Lou Barletta, darling of the Republican establishment?
That might sound odd. The former congressman was among Donald Trump’s earliest supporters in 2016 — at a time when most national Republicans either didn’t take him seriously or desperately sought to elect anyone else.
But now Barletta is being anointed by some Pennsylvania Republican Party leaders as their last best chance to stop gubernatorial front-runner Doug Mastriano, the state senator from Franklin County who is perhaps even more popular among the ”Make America Great Again” faithful.
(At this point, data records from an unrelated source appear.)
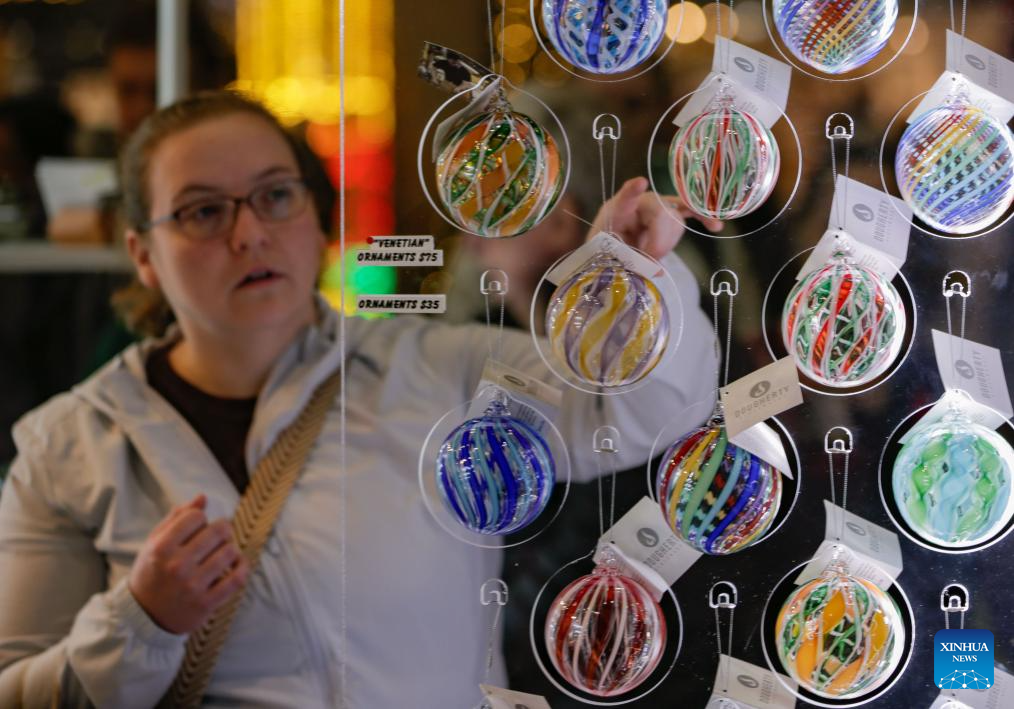A woman views glass ornaments at the 2025 edition of the Circle Craft Holiday Market in Vancouver, British Columbia, Canada, Nov. 11, 2025. The 2025 edition of the Circle Craft Holiday Market kicked off here on Tuesday and runs until Nov. 16. (Photo by Liang Sen/Xinhua)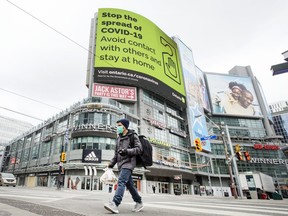 A pedestrian wearing a mask walks across Yonge Street at Dundas Street with a “Stop The Spread Of Covid 19” notice in the background, April 3, 2020.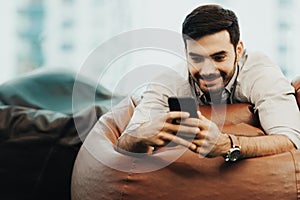 Smiling businessman using and relax smartphone device while sitting on sofa at home.  Man cheerful hipster guy typing an sms messa
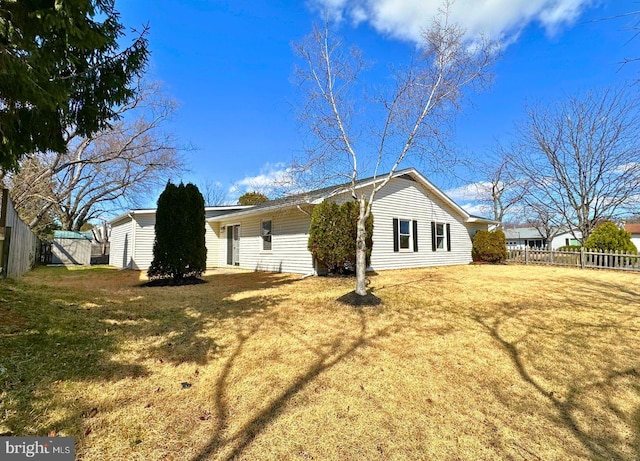 rear view of property featuring a yard and fence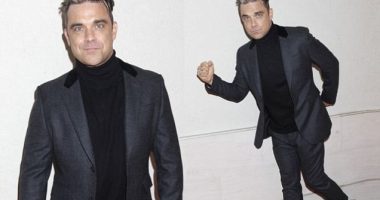 Robbie Williams shows off slimmer figure in grey suit at Q Awards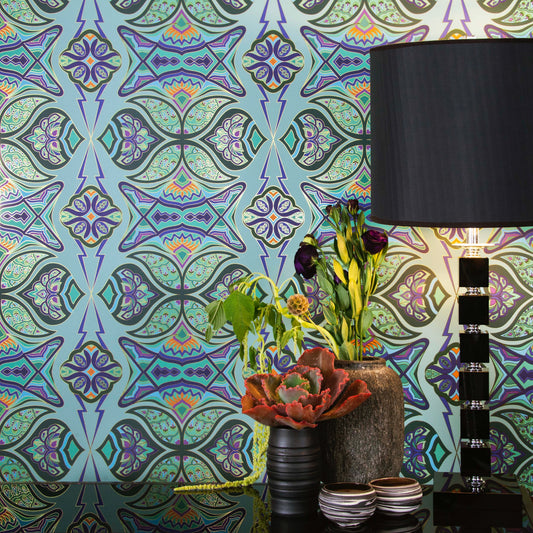 Ulu 'Garden' Wallcovering in vibrant botanical colors styled with a modern black lamp.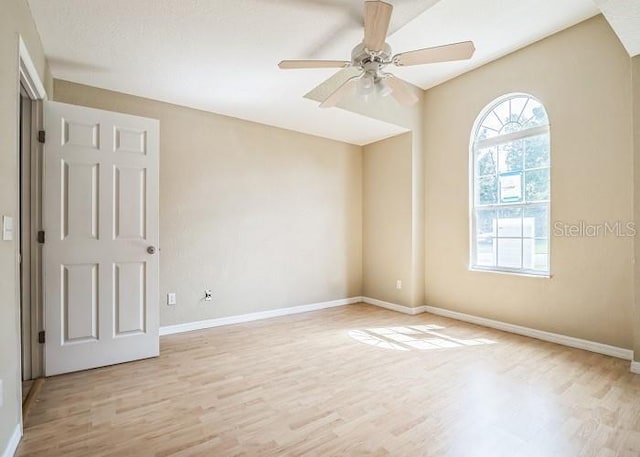 2503 SE 18th Cir, Ocala, FL 34471 - spare room with baseboards, a ceiling fan, and light wood-style floors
That’s the message being conveyed by state Senate leader Jake Corman, former U.S. Sen. Rick Santorum, U.S. Rep. Fred Keller, former Gov. Mark Schweiker, and former Lt. Gov. Jim Cawley. All of them endorsed Barletta’s campaign Thursday. Former U.S. Rep. Melissa Hart, a long-shot candidate for governor, was set to join Barletta for a “major announcement” Friday morning in Harrisburg, signaling that she would likely back him next.
Corman, also a candidate for governor, asked voters Thursday to ignore his name on the ballot and support Barletta instead.
“The amazing thing about Lou’s campaign is he’s consistently been towards the top of the polls in his race, despite spending far less money than other candidates,” Corman said as the two appeared together in Harrisburg. “It shows his popularity. It shows his tenacity.”
The other leading rivals to Mastriano, former U.S. Attorney Bill McSwain and former Delaware County Councilman Dave White, have their own big-name supporters. But so far it’s Barletta who has gathered the most support from party leaders seeking a single alternative to Mastriano, whom they fear would lose the general election to presumptive Democratic nominee Josh Shapiro.
» READ MORE: A last-ditch GOP effort to stop Doug Mastriano in the Pa. governor’s race appears to be too little, too late
However, at a later event in Bucks County, Barletta refused to directly criticize Mastriano.
“It was very difficult for any one candidate to really pull away,” Barletta said of the field. “But in these final days, no matter who you support, they have to beat Josh Shapiro. And I have the record to do that.”
The former congressman spoke at an American Legion hall to several dozen Republican voters in Levittown, and was flanked by Schweiker and Cawley.
Cawley said Barletta is the GOP’s best bet, pointing to ads Shapiro’s campaign is running that some see as an effort to prop up Mastriano.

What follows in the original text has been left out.